How you can empower women next time you dine out

How about using your phone or computer to empower women? That's what one app and website are hoping you'll do when you dine out, for women's history month.

From the hostess stand to the kitchen, there isn't a part of Racine's, an American-style food  restaurant in Denver, Lee Goodfriend doesn't know. That's because she owns it.

"It feels fantastic," Goodfriend says. "I love my restaurant I love being a woman entrepreneur."

Goodfriend has seen things change drastically during her decades in the business.

"When I started out in the restaurant business in 1971 there were virtually no women in the restaurant business that owned the restaurants," Goodfriend says. "Except maybe with their husbands."

Not anymore.

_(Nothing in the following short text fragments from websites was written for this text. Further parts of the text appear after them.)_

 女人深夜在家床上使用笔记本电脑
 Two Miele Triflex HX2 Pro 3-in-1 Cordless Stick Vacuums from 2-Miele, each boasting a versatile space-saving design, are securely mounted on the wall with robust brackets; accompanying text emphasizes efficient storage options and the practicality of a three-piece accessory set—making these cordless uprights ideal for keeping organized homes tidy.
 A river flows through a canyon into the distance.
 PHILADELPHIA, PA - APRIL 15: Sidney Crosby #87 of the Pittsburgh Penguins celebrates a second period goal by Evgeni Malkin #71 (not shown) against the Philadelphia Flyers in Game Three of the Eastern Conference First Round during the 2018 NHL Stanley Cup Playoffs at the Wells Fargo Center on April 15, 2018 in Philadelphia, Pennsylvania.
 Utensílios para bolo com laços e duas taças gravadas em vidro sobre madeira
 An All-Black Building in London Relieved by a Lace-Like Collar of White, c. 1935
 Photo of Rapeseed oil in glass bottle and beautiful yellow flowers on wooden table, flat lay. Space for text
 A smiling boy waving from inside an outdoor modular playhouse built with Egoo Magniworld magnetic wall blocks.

And now all restaurants in the country that are owned or co-owned by a woman, or have kitchens run by a women are being highlighted in a new way. 

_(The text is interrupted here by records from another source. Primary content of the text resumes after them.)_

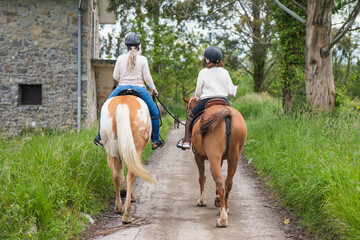 Family bonding during a delightful farm day horse ride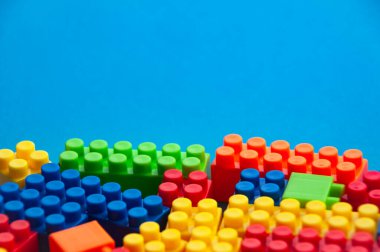 Mavi arka planda plastik yapı taşları. Boşluğu kopyala.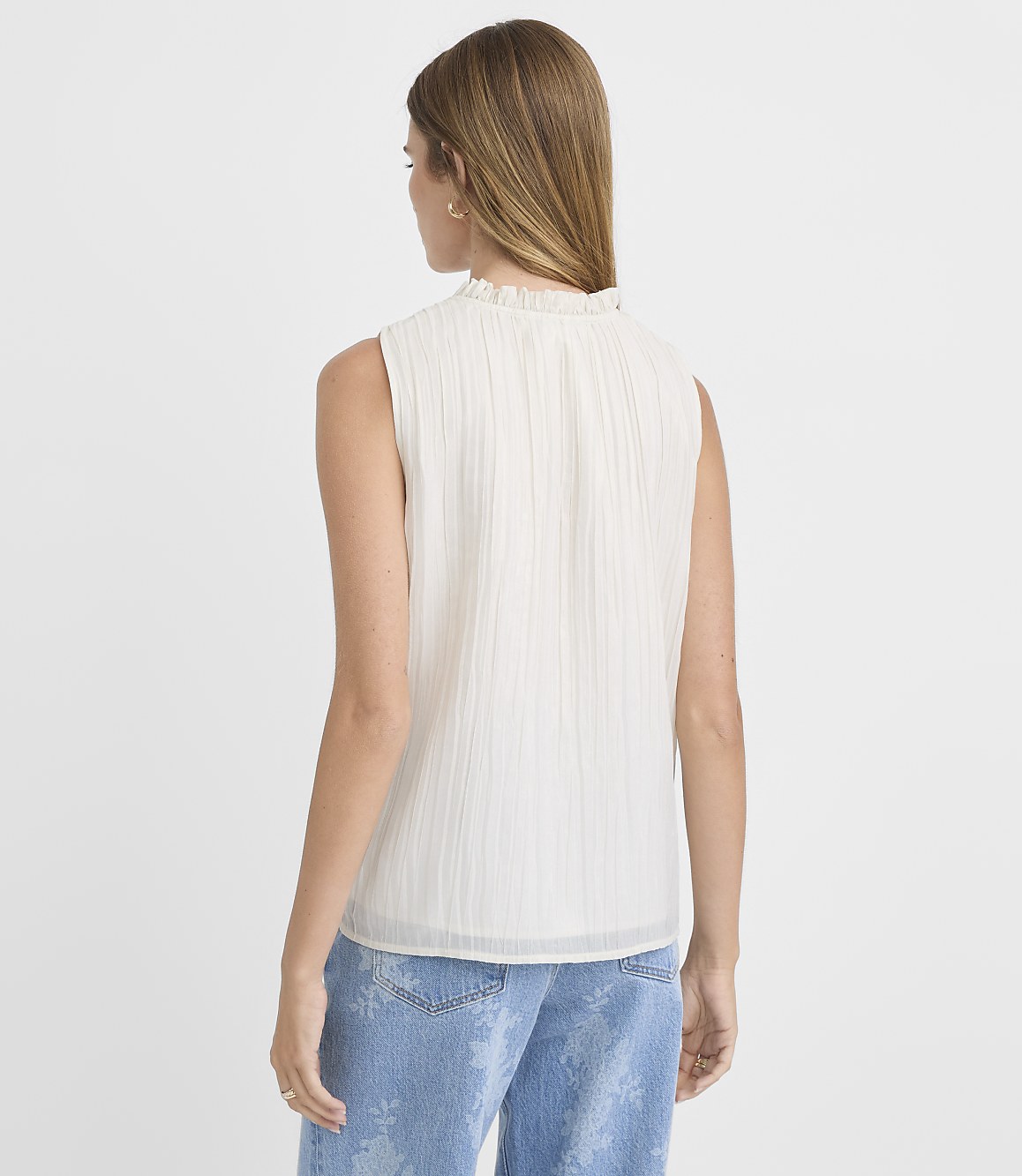 A woman in a white ruffled-neck sleeveless top and distressed jeans stands against a plain white background.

Grubhub partnered with Women Chefs & Restaurateurs to launch RestaurantHER. You put in your zip code and it shows you all the women led businesses in your area.

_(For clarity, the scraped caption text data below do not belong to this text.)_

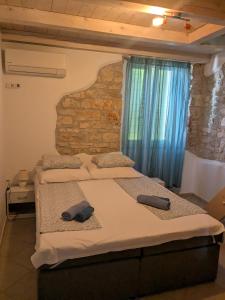 a bedroom with two beds and a stone wall at Villa Piazza grande in Fažana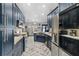 Modern kitchen with navy blue cabinets and stainless steel appliances at 1396 Lucerne Loop Ne Rd, Winter Haven, FL 33881
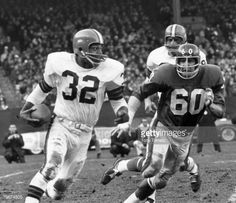 two football players running on the field during a game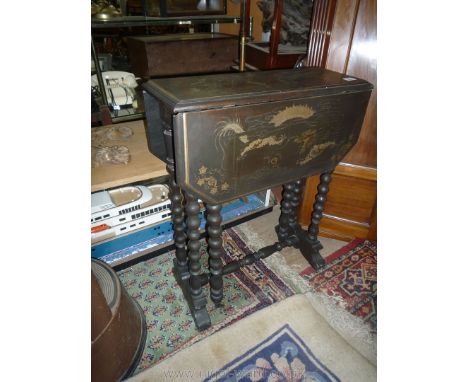 A lacquered Sutherland Table having bobbin turned legs, the top 22 3/8'' x 7 1/4'' extending to 25 5/8'' decorated with five 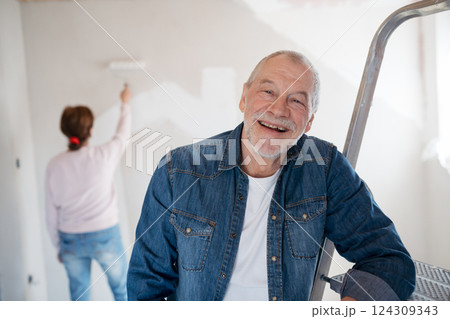 Senior man painting walls in new home, looking at camera. 124309343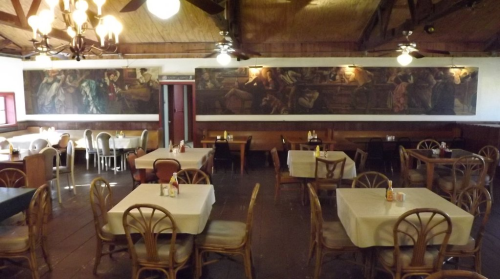 A spacious restaurant interior with wooden beams, tables set with white tablecloths, and large murals on the walls.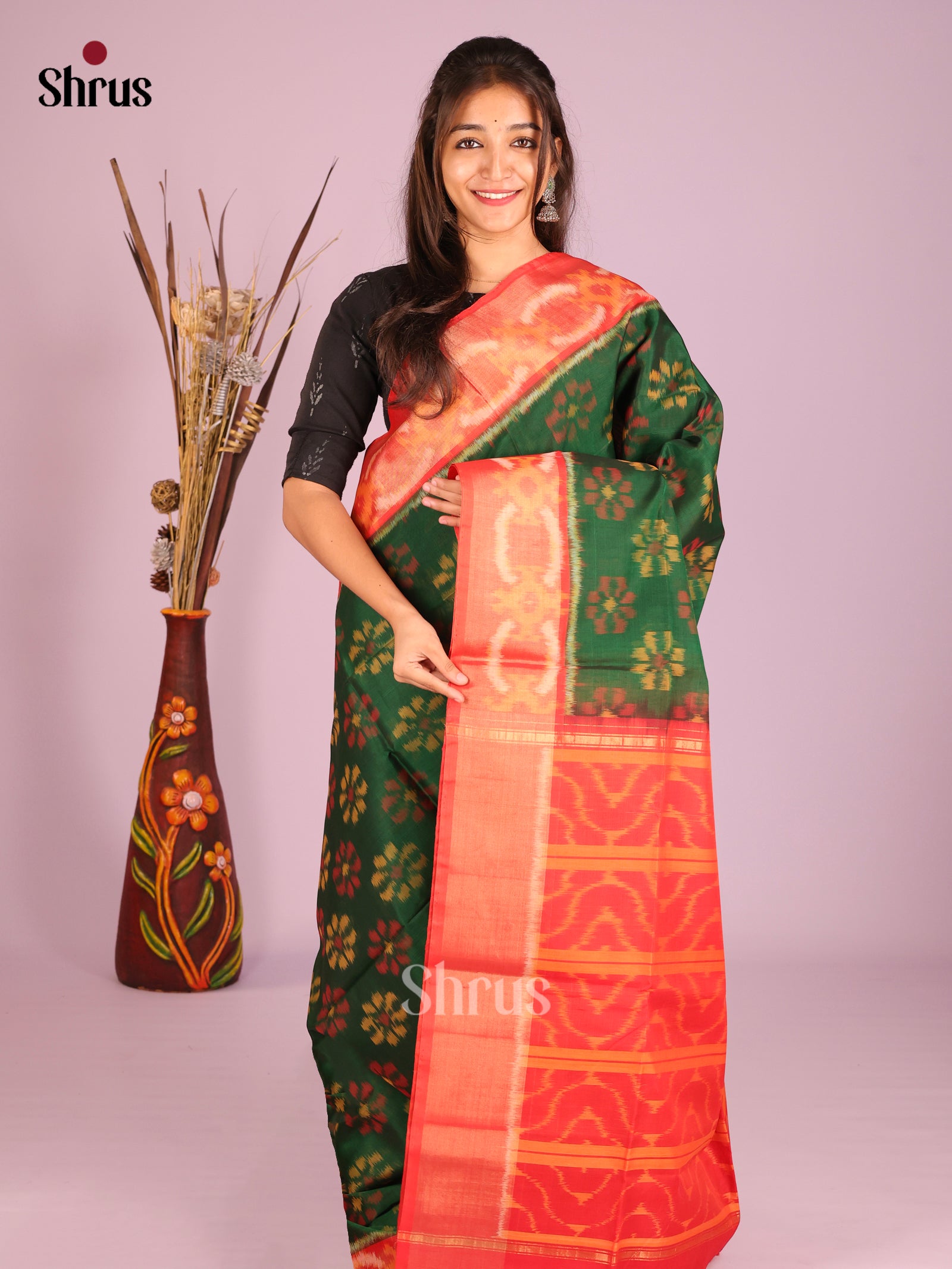 Stunning Green Pochampally Silk Cotton Saree & Orange Ikat Border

"I highly recommend it," Goodfriend says.

Goodfriend says it's not only good for people who want patronize women led restaurants, but be employed by them.

"If I were a young girl starting out I'd want to maybe work for a woman and see learn from her and then start my own restaurant," Goodfriend says.

Still, only 20 percent of chefs in the US are women. Grubhub hopes the RestaurantHER initiative will raise awareness about gender equality in the industry.

Goodfriend hopes it'll show other women what's possible.

"At my old age I like the idea of being a role model for other women so they can see that you can do it," Goodfriend says. "And that you can be in charge."